He then struck another match and held it over his head. It told the whole story.
A stream, not more than three or four feet in width, issued from the darkness, and, flowing some distance, went over a ledge of rock. After falling three or four yards, upon some black and jagged rocks, it gathered itself together and resumed its journey into and through the gloom. The tiny flame was unequal to the task of showing where the water entered and left the cave, and, as the boy was straining his eyesight in the hope of discovering something more, the blaze scorched his fingers, he snapped it out.

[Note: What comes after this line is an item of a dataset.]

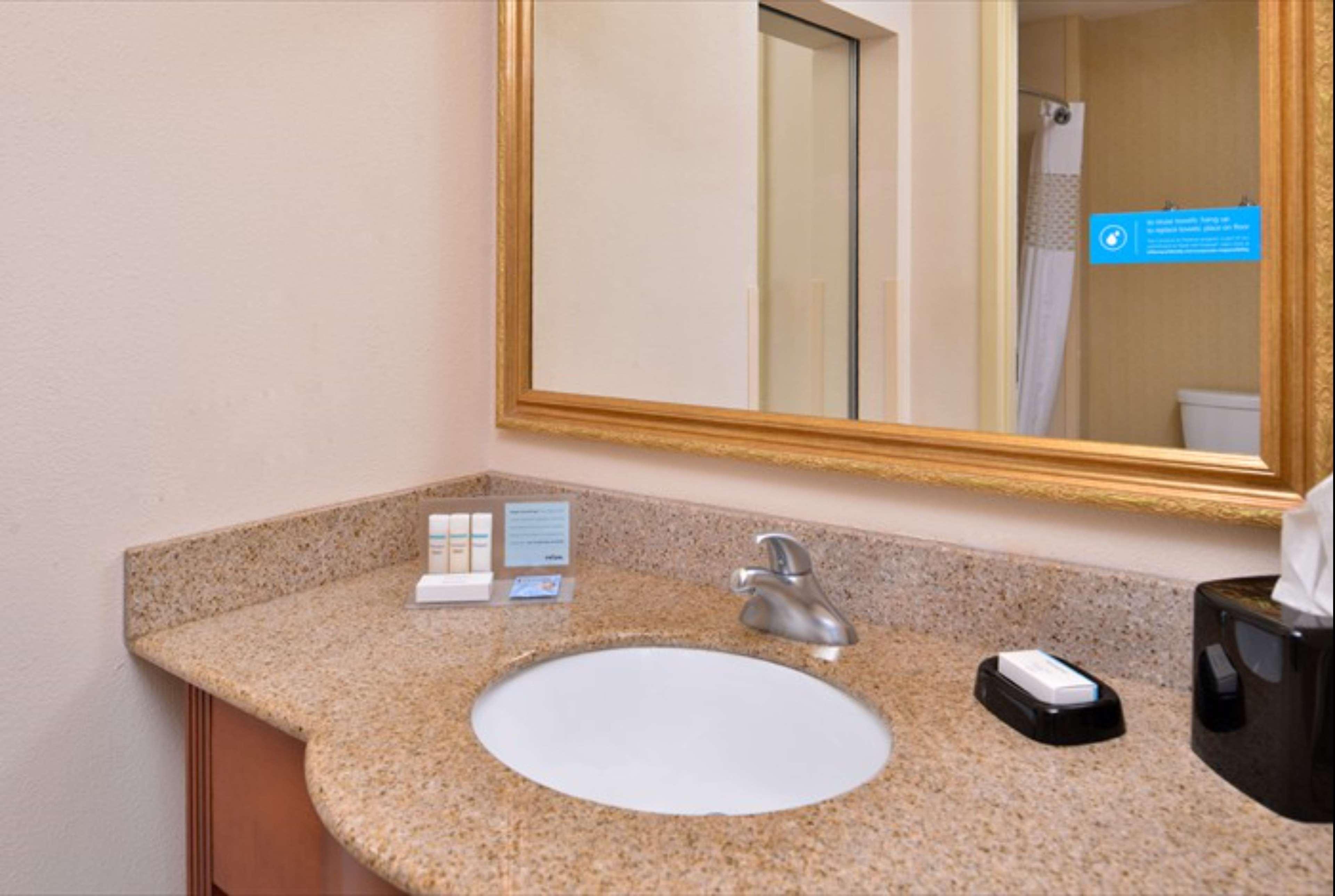 Hampton Inn & Suites Річмонд Екстер'єр фото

“That leaves only four,” he mused, as he felt of the lucifers, “and I haven’t got enough to spare. I can’t gain much by using them that way, and so I guess I’ll hold on to these, and see whether the daylight is going to help me.”
He picked his way carefully along until he was nearly beneath the opening which had admitted him, where he sat down upon the dry, sandy ground to await the light of the sun.
“I don’t suppose it will help much, for the bushes up there will keep out pretty much of the sunlight that might have come through; but I guess I’ll have plenty time to wait, and that’s what I’ll do.”
He fell into a sort of doze, lulled by the music of the cascade, which lasted until the night was over. As soon as he awoke, he looked upward to see how matters stood.
The additional light showed that the day had come, but it produced no perceptible effect upon the interior of the cave. All was as dark—that is, upon the bottom—as ever. It was only in the upper portion that there was a faint lighting-up.
Fred could see the jagged edges of the opening, with some of the bushes bent over, and seemingly ready to drop down, with the dirt and gravel clinging to their roots. The opening was irregular, and some four or five feet in extent, and, as near as he could estimate, was some thirty feet above his head.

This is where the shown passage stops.